Il parait qu’il y a une tendance étrange sur certains réseaux sociaux, qui consiste à demander aux hommes combien de fois ils pensent à l’empire romain par semaine.
Ce qui n’était au début qu’une blague a fini par prendre de l’ampleur devant les réponses données, l’empire romain étant vraisemblablement un sujet particulièrement important pour certains. De plus en plus de gens se sont mis à poser la question à d’autres pour voir si leurs interlocuteurs, eux aussi, vouaient une curiosité envers cette période, et l’effet boule de neige des réseaux sociaux opéra.
Bon, l’empire romain c’est bien, mais quand on y réfléchit, c’est un peu facile.
Alors que si je vous demande combien de fois par semaine vous pensez aux fans des Charlotte Hornets, qu’est-ce que vous avez à me dire ? Rien, j’en étais sûr.
Vous savez pourquoi ? Parce qu’on ne pense quasiment jamais à eux, et on en parle encore moins. C’est un peu comme les dragons de Komodo : on sait que ça existe, mais ça nous semble tellement bizarre qu’on préfère ne jamais y penser.

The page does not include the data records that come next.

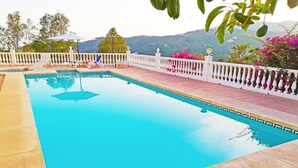 Une piscine rectangulaire, dotée d’une balustrade blanche et entourée d’une terrasse carrelée.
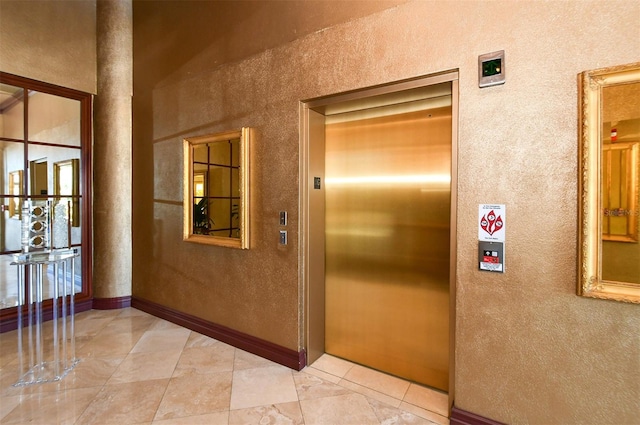 hallway featuring elevator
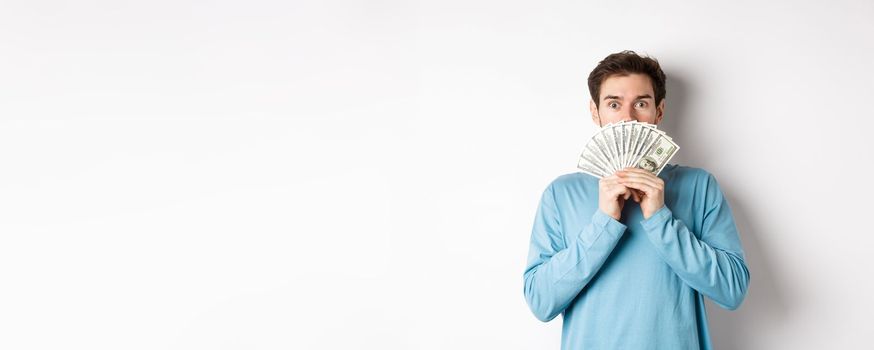 Surprised and amazed handsome guy showing money, looking at promo offer, going shopping with cash, standing over white background.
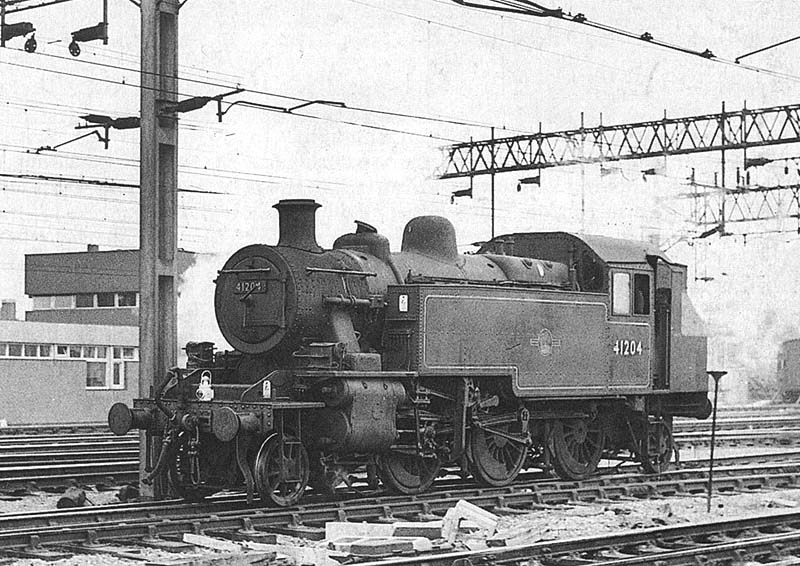 Ex-LMS 2MT 2-6-2T No 41204 pauses between trips opposite Nuneaton Power Signal Box on 21st May 1964
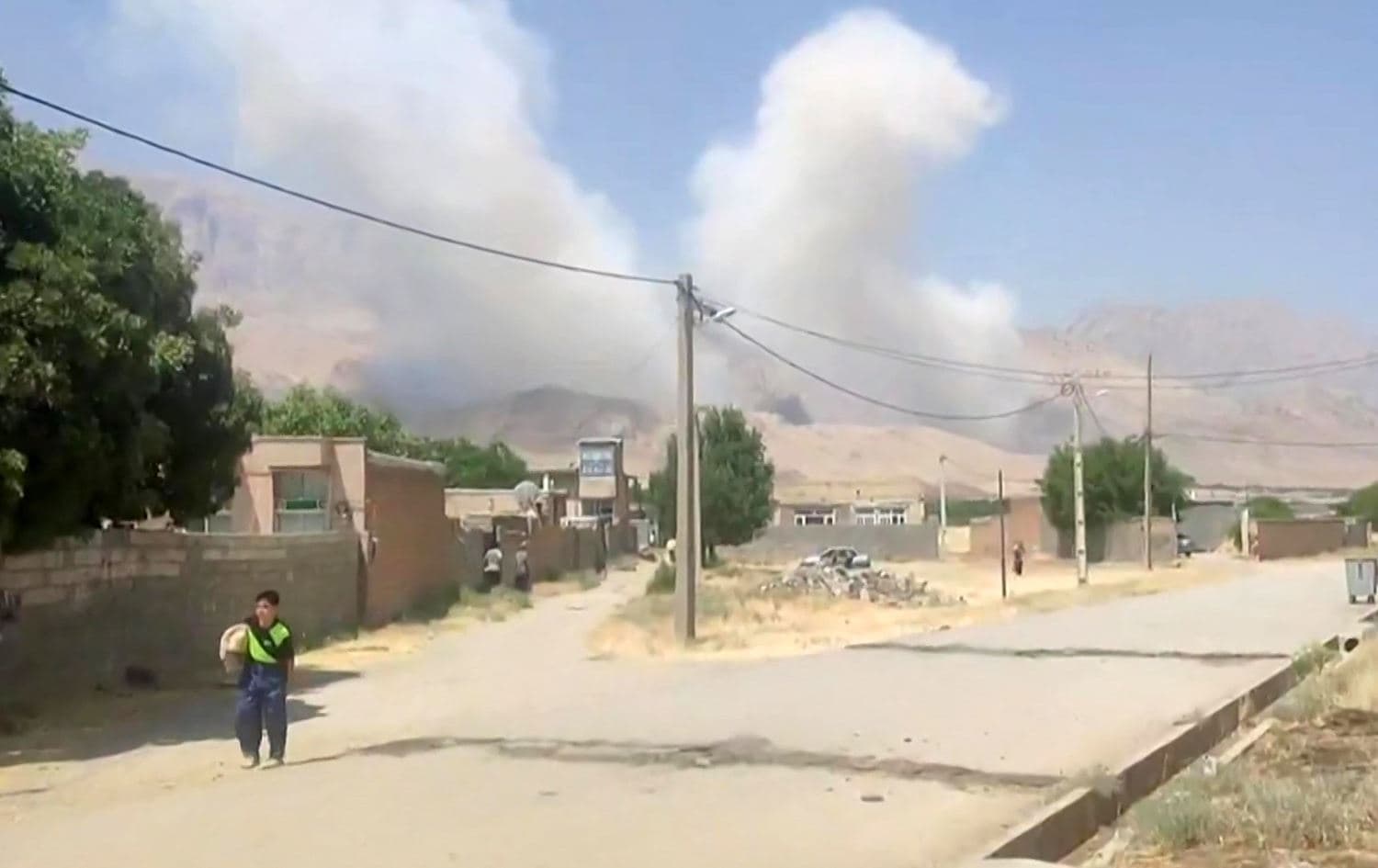Smoke rises following an Israeli strike in western Iran’s (Rojhelat) Kermanshah province on June 13, 2025. Photo: UGC/AFP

En ce qui me concerne, la semaine dernière, j’y ai pensé au moins une fois, quand je suis tombé sur ça :
Attendez attendez, Miles Bridges s’est entraîné avec les Hornets après ses nouvelles violences d’il y a quelques jours ?
Il va falloir une meurtre pour avoir une réaction ? https://t.co/3MFXbcmbBm— Antoine Tartrou (@Tartrou) October 17, 2023
J’ai lu l’intégralité de l’article auquel il était fait référence, et je vous invite à en faire de même.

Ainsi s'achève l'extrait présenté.